When I was 12 years old, I was taken by strangers to Spring Creek Lodge Academy in Thompson Falls, MT.

Upon arrival, I was stripped of all of my belongings, including what I was wearing. I was stripped of my dignity and civil rights. I was taken to a cabin where I’d be staying. I’m told that the other girls inside are my new “family.” Our family name was Innocence – I was stripped of that as well. That was just the beginning.

The rules were the primary method of control, and they were endless. You couldn’t talk to anyone unless your level and their level equaled the number 4 or greater. Most people 3 or higher had started to “work the program” and were expected to help newcomers learn the rules.

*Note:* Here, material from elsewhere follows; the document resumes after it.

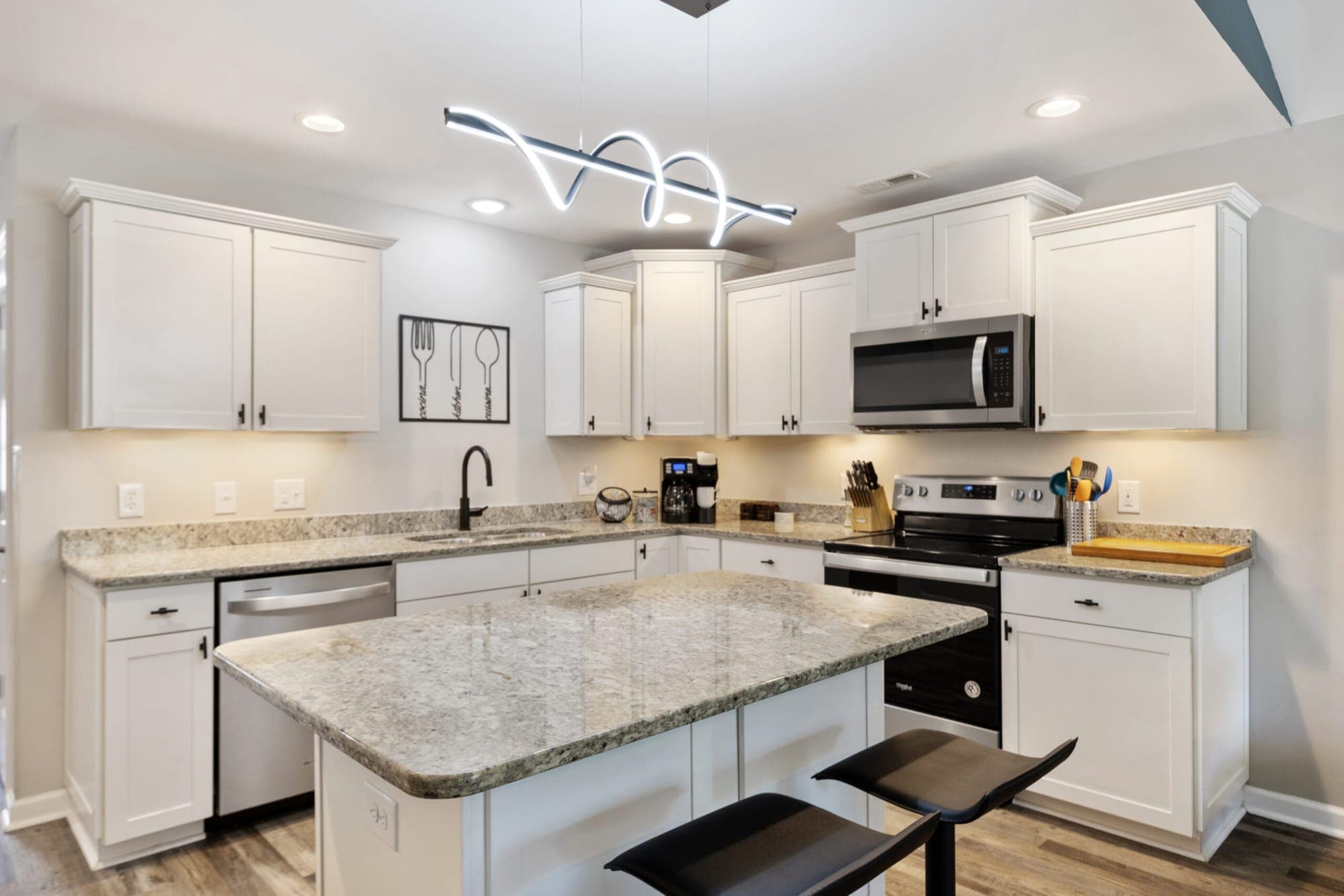 Kitchen with an island, white cabinets and granite counters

I remained on level one for the majority of my stay there. On level one you weren’t allowed anything, even condiments like salt and pepper were an earned privilege. I would get in trouble almost every day which kept me from advancing.

Some of the rules included:

*No eye contact with authority/staff

*No looking in windows *No looking out windows

*No looking at members of the opposite sex

*No Talking to other “families” or anyone not in your cabin

*No wearing shoes indoors

*No wearing socks to bed

*No questioning staff decisions

*No Breaking Silence

We were required to ask to use the bathroom or to cross over through any doorway other than the room we were presently in. We were timed for everything, showers, bathroom, meals. Throughout every meal, we were forced to listen to “self-help tapes” and watch two additional tapes each day. At the end of the night, we had to write out our “reflections” and how we would apply what we learned from the tapes to our lives.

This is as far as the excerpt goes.